Durham: Duke University Press, 2000. 389p.

Doreen Alvarez Saar
Drexel University

For about a decade, Americanists have been working on rethinking the meaning of the once-maligned sentimental tradition. A part of this larger project, Lori Merish's Sentimental Materialism: Gender, Commodity Culture, and Nineteenth-Century American Literature will be most useful for scholars of American literature and scholars of gender since it gives a sprawling and often tantalizing account of ways in which American commodity culture found its emotional expression in the sentimental forms of the nineteenth-century. Merish's primary project is to show how things became not merely things but incorporations of both text and ideology (particularly as these things are consumed by women in sentimental narratives): that is, as Merish says in the preface, the nineteenth-century prelude to the twentieth-century Cartesian cogito, "I shop; therefore I am."

Sentimental Materialism takes the reader on a chronological voyage through a variety of cultural expressions that reveal the economics of market culture as an underpinning of sentimentalism. Reasoning that the republican culture of the eighteenth century must be a prelude to the flowering of consumerism in the nineteenth, Merish, following the Frankfurt School, reads the Scottish Enlightenment as central to a rethinking of the relationship between capitalism and freedom. She links this idea to the beginnings of the sentimental narrative in America, suggesting that women's political existence in the new republic depended on the organization of female emotions through the trope of the domestic.

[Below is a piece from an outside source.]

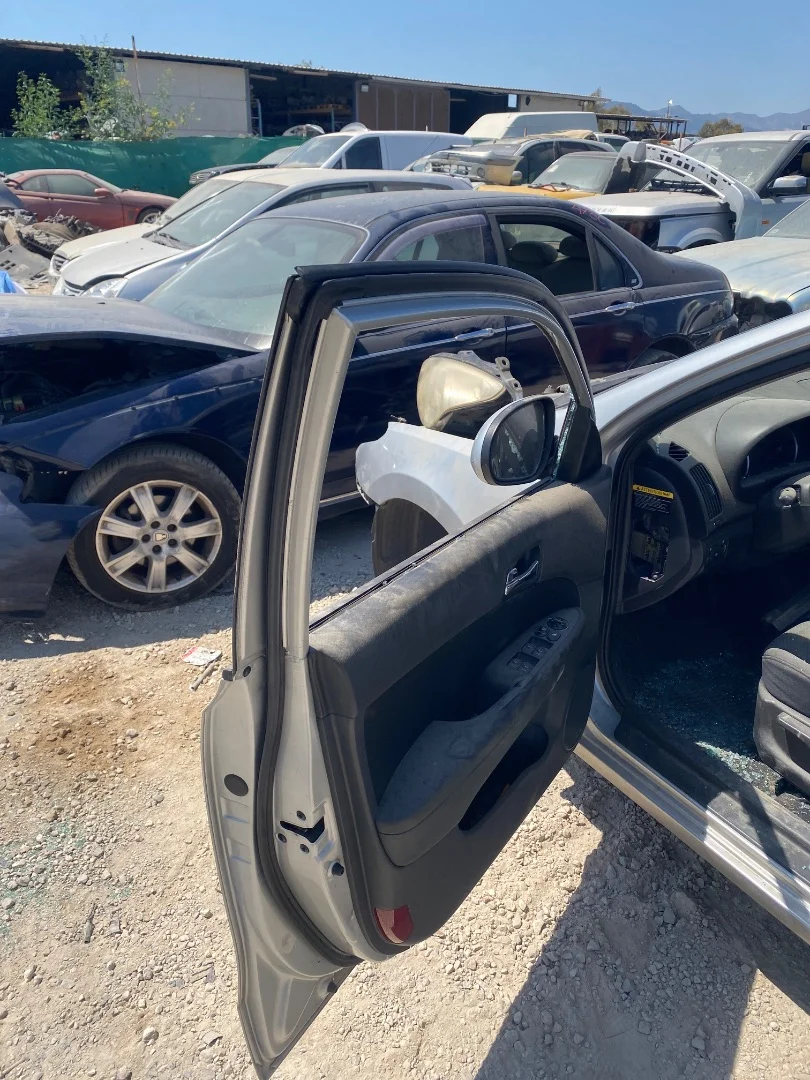 Foto de GOMAS CONTORNO PUERTA HYUNDAI I30 (FD) 1.4 CAT (109 CV / 80 KW)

By the 1830s, the fledgling nation had undergone significant changes and the elements of consumerism were feminized. Merish theorizes that religion played a role in the development of commodity culture, arguing that, contrary to received belief, there is no impassable gulf between materialism and revivalism. Through her reading of Peter Cartwright's Autobiography, she posits that nineteenth-century Americans were exposed to the notion that the maintenance of a certain style of home and the acquisition of appropriate domestic objects were indications of one's spiritual standing. The work of spreading this gospel of religious comfort and decency devolved on women and was reflected in sentimental narratives. Building on her discussion of the psychology of caring for objects and home as part of logic of sentimental consumerism, chapter three makes the case that the creation of an emotional face for consumerism made consumerism's capitalist imperatives seem natural and human. The portrayals of this economy of domestic happiness hid a variety of unpleasant facts about the management of a comfortable home. The drudgery of domestic work was painted as an outpouring of love and everything in a household, from pets to children to slaves and servants, was reconstituted as marginalized objects whose existence was refracted through and dependent on the sentimental vision.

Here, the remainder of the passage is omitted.